皆さまご無沙汰しております。秋学期が始まってブログ記事を書きだそうかと思った時に硬式野球部の不祥事が発覚しました。その対応とともに、そのことに触れずに他の何かの考えをブログでお伝えするのが憚られましたので、中止をしておりました。12月18日付で、日本学生野球協会からの処分通知を受け、大学としての処分も一応完了いたしましたので、ブログを再開しようと思います。

【12月21日】本学湘南キャンパス硬式野球部の不祥事に関する最終報告とお詫び

さて、今年はコロナ禍に翻弄された一年でした。毎日の感染者数の報道などで気持ちの晴れない毎日ですが、気分を前向きに変える東海大学の話題を二つご紹介したいと思います。

まず一つは「朝日教育会議」です。これは10の大学がそれぞれに取り組んでいる課題を、朝日新聞社の企画で公開討論するものです。今年はリモートでの配信でしたが、東海大学は12月5日に「多様性の時代を生きる」というテーマで行いました。グローバル化が進む現代、異なる文化的背景を持つ人々がお互いの違いを認め合い、共生していくことが重要になっています。すべての人々が違いを超えて安心に暮らせる世界を築くために、大学教育が果たすべき役割とは何かを考えるとするものです。

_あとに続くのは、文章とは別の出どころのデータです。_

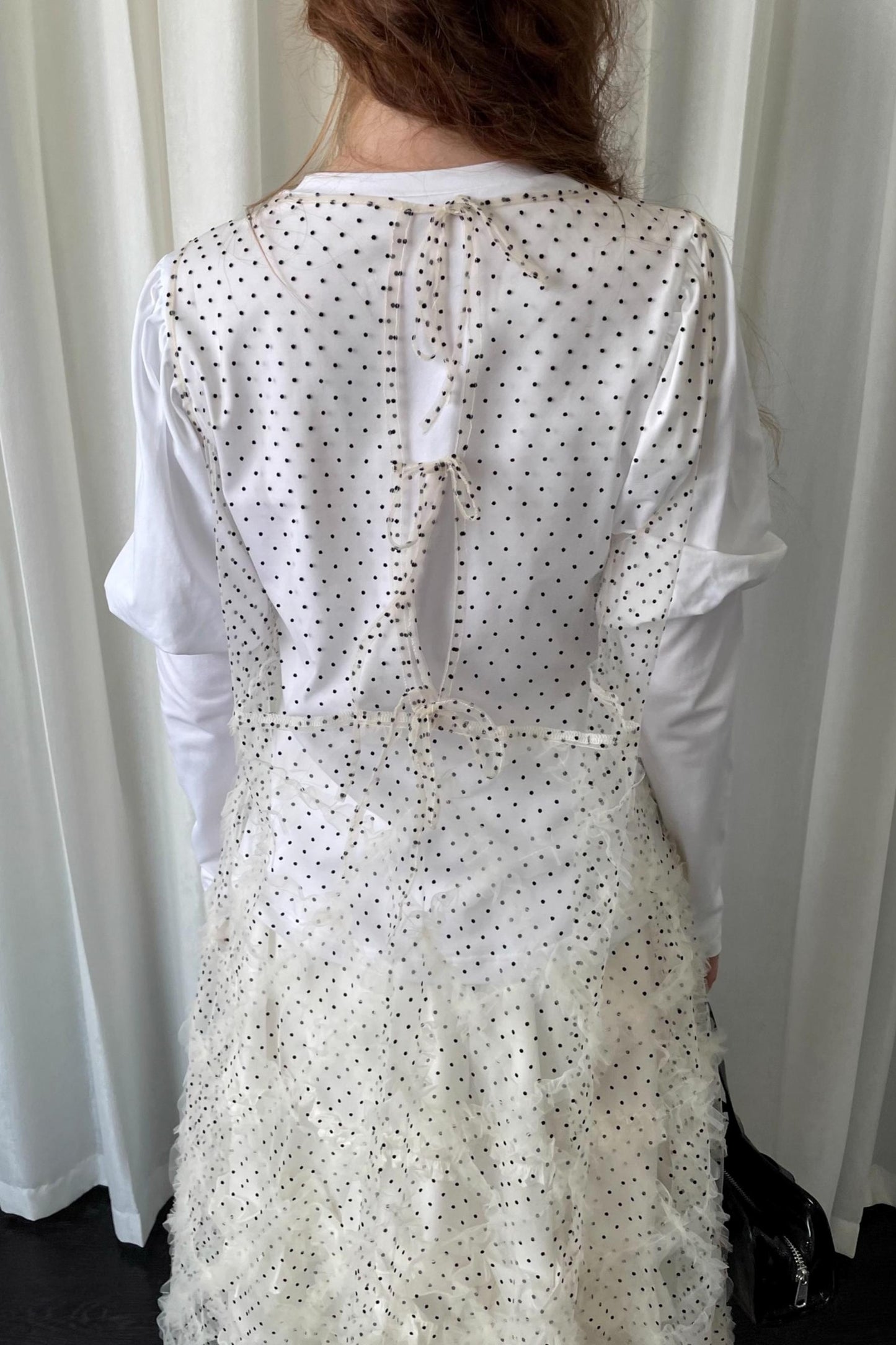 Lace Mesh Polka Dot Flocked Sundress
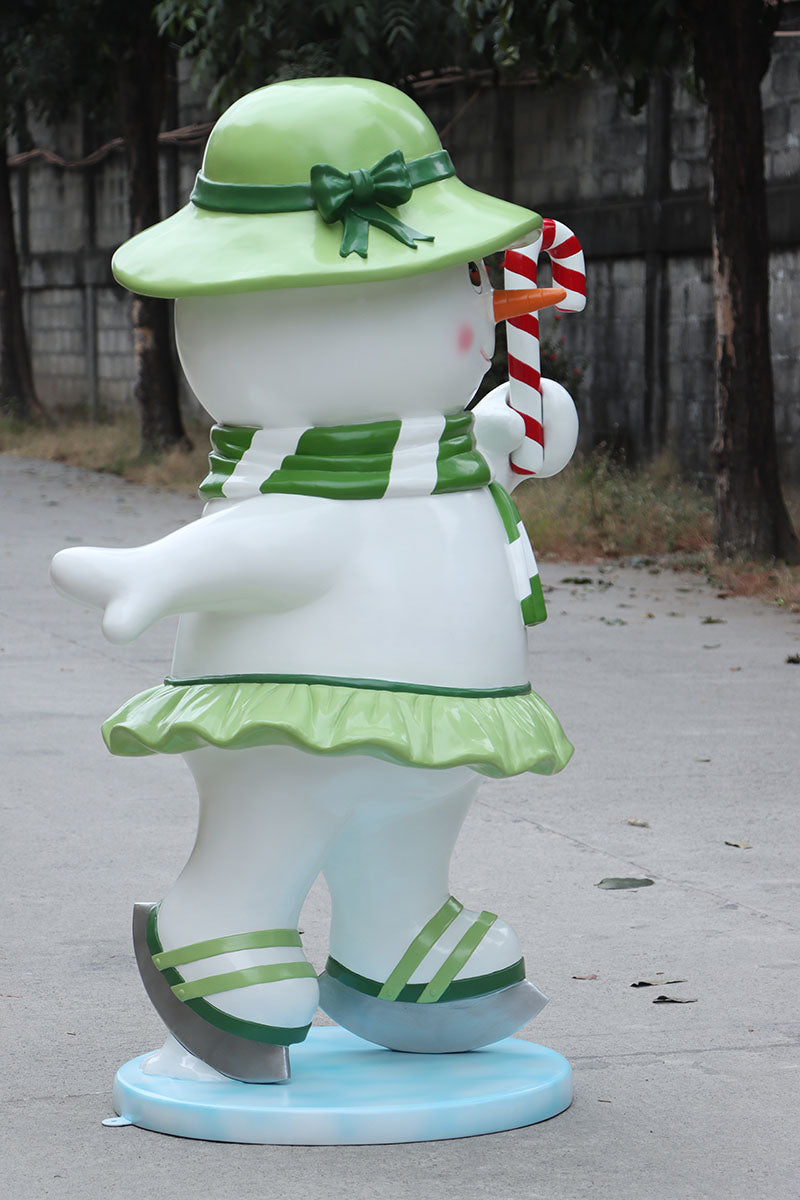 Ice Skating Snowman Mother Statue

朝日教育会議2020 東海大学12月5日開催「多様性の時代を生きる」

一国至上主義が多様性を否定する風潮が沸き起こっている現状を考えますと、それをくい止める教育の必要性が益々重要です。松前重義先生が示した東海大学の進めるグローバル化の要点は、まさにそこにあります。そのことを再度認識するために、基調講演として東海大学出身の女優であり社会活動家でもあるサヘル・ローズさんをお迎えいたしました。その過酷な人生経験の中から得られた多様性の重要さを、自らの言葉で語って頂きました。

朝日新聞社と「朝日教育会議2020」を実施しました

サヘル・ローズさんはイランにおける紛争の中で孤児となりましたが、養女として迎えられ養母と共に日本に移り住みました。それまでの体験も過酷を極めたものでありましたが、日本に来てからも貧しさやいじめという逆境の連続にありました。しかしその中で手を差し伸べてくれた人々に支えられ、それを乗り越え今日があります。そうした経験の中から語られる言葉には重みがあり、当日の視聴者に感銘を与えたものと思います。

私が東海大学の国際活動について若干の説明をした後、教養学部の田辺圭一・小坂真理両先生とサヘル・ローズさんの3人でのパネルディスカッションが行われました。田辺先生は国連食糧計画など世界の発展途上国での勤務経験があり、小坂先生はドイツ・ボンにある国連気候変動枠組条約事務局で勤務された経験を有する方です。その議論の中身については、先のURLをご参照頂きたいと思います。現在、東海大学には吉川国際担当副学長を筆頭に、このようなグローバルで活躍した教員が多数在籍しております。そういう人材の存在を十分に広報出来ていない感もあり課題と思っています。

もう一つは熊本の農学部の新校舎が着工の日を迎えたことです。東海大学にとって明るい話題です。今週月曜日の12月21日に密を避ける形で参加者を制限して起工式を行いました。それでも木村熊本県副知事をはじめ西村益城町長・荒木嘉島町長・日置西原村長・吉良南阿蘇村長に加え、設計・施工会社の社長や関係者にご出席頂きました。2023年4月の新たな農学部キャンパス開設に向け、工事が始まります。

※画像は臨空校舎イメージです。

農学部の新キャンパスについてはこれまでも、南阿蘇の実習施設の新設などをご紹介した際にも触れておりますが、地鎮祭・起工式の模様は以下のURLをご覧頂ければと思います。

「東海大学九州キャンパス臨空校舎整備工事」の地鎮祭と起工式を執り行いました

さて、熊本地震から来年4月には丸5年目を迎える訳ですが、亡くなった3名の学生の方々のことは今でも深い悲しみが募ります。他方で被害を負った当時1年生の学生諸君も今年の3月には卒業をいたしました。その中のひとり、梅崎世成君は震災で片足を無くしました。入学して2週間目の出来事です。その後の4年間、ハンディをものともせず勉学に学外活動に積極的に取り組み、ご本人の希望する動物と関わる仕事として農場を経営する会社に就職されました。その模様はNHKの全国放送のニュースでも取り上げられ、東海大学の校友会誌でも記事にいたしました。

校友会誌TOKAI199号「この人インタビュー」PDF

コロナ禍の中で兎角塞ぎがちな日々ですが、梅崎君のように明るく前向きに生きていく姿を大いに範として新しい年を迎えたいと思います。皆さま良い年をお迎え下さい。